Discriminatory admissions policies in state-funded faith schools are defended in Britain as being necessary for the preservation of the appropriate school's religious ethos. It seems from the reasoning of the Court that their Lordships believe that JFS's ethos could not have been damaged by a more inclusive admissions policy, i.e., one that admits practicing ‘non-Jews’. For example, Lady Hale writes that: ‘They admit pupils who practise all denominations of Judaism, or none at all, or even other religions entirely, as long as they are halachically Jewish.’39 Again the Court's reasoning, totally imbued with a Christian notion of religion, fails to see the logic of a faith school that admits applicants who do not practise their faith, while at the same time denies admission to those who do practice solely on ethnic grounds. Judaism, however, is not concerned with those who feel Jewish but rather, with the Jewish community as a whole and with the individual destiny of all Jews irrespective of whether they practice their faith. In order to preserve its ethos, an Orthodox Jewish School must therefore admit Jewish children, of whatever religious background. The Court, however, seems to assume as objective that the ethos of any faith school is preserved by the presence of children who are active in their religious beliefs and practice, and hence imposed to the JFS to consider for admission applicants who feel deeply committed to the Jewish religion, irrespective of them being halachically Jewish. This is precisely the result of not being able to intellectually abandon the Christian, universalistic, logic of belonging, which accords a primary role to faith and individual commitment.
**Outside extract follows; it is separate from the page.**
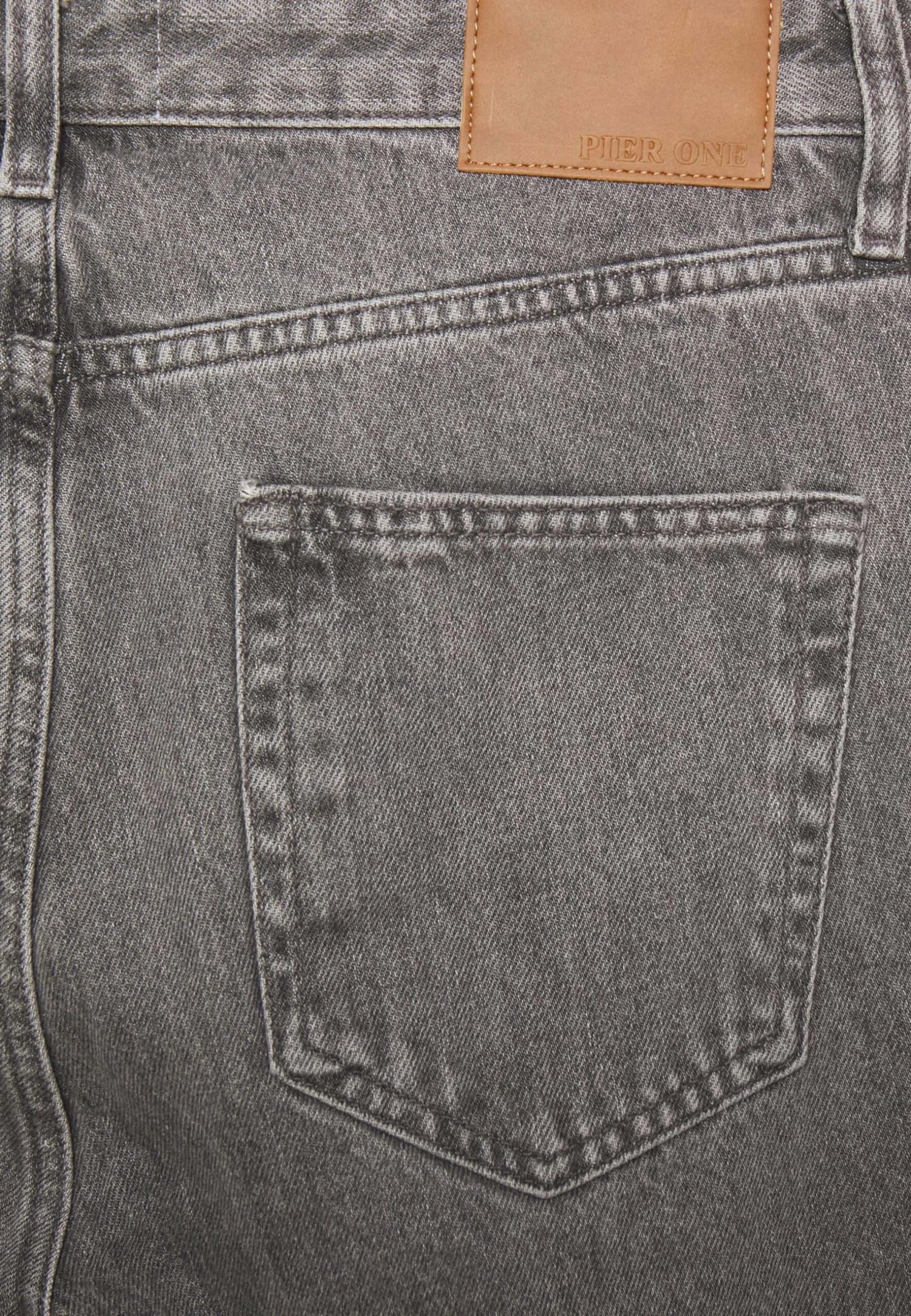 Pier One Mid Raise Straight Fit - Vaqueros Boyfriend - Grey Denim 7 Pier One Mid Raise Straight Fit - Vaqueros Boyfriend - Grey Denim - Imagen 5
The Court's incapacity to reason in terms of ‘religion’ and not of ‘a given religion’ led to extraordinary results. In the first place, the Court, despite its emphasis of the fact that nothing in the judgment should be understood as accusing the Chief rabbi and the Jewish religious tradition in general, of a ‘racist’ attitude in the negative sense commonly attributed to this term,40 did in fact set the principle   that the basic premise of the Jewish religion is ‘racist’, or, at least, incompatible with British anti-discrimination law, while Christianity is not. Moreover, by imposing different criteria for admission to the JFS, the Court did not only choose sides in an inter-denominational debate on the validity of conversions, but it also ‘corrected’ the (assumed) discriminatory element of Jewish membership, altering it in a Christian direction, when it ruled that a Jew is someone who participates in the observance of the Jewish religion. As Lord Rodger pointed out in his dissenting opinion:
"The decision of the majority means that there can in future be no Jewish faith schools which give preference to children because they are Jewish according to Jewish religious law and belief…Instead, Jewish schools will be forced to apply a concocted test for deciding who is to be admitted. That test might appeal to this secular court but it has no basis whatsoever in 3,500 years of Jewish law and teaching. The majority's decision leads to such extraordinary results, and produces such manifest discrimination against Jewish schools in comparison with other faith schools, that one can't help feeling that something has gone wrong.41

Not surprisingly, a few months after the JFS decision, a new problem arose. As a consequence of the Supreme Court's ruling, the JFS, alongside other maintained Orthodox Jewish schools in the UK, had to establish a new test that did not make determinations of Jewish identity based on ethnicity. Each school thus created a ‘Jewish Religious Practice Test’. A young girl, K. C., who had applied to King David High School in Liverpool, was the only Jewish applicant denied admission. K. C. was born of a Jewish mother, who had actually even been an alumna of King David High School. However, her family is not religiously observant and it was therefore not able to satisfy the ‘Jewish Religious Practice Test.’42

CAN RELIGION SHIELD ETHNIC DISCRIMINATION?

According to the Supreme Court, under British law, direct discrimination, when it is based on ethnicity, can never be justified or excused, whereas discrimination grounded on religion is subject to a less stringent scrutiny. However, in the JFS case, religion and ethnicity (or, better, descent) are so strictly intertwined that there is no possible way to disentangle them.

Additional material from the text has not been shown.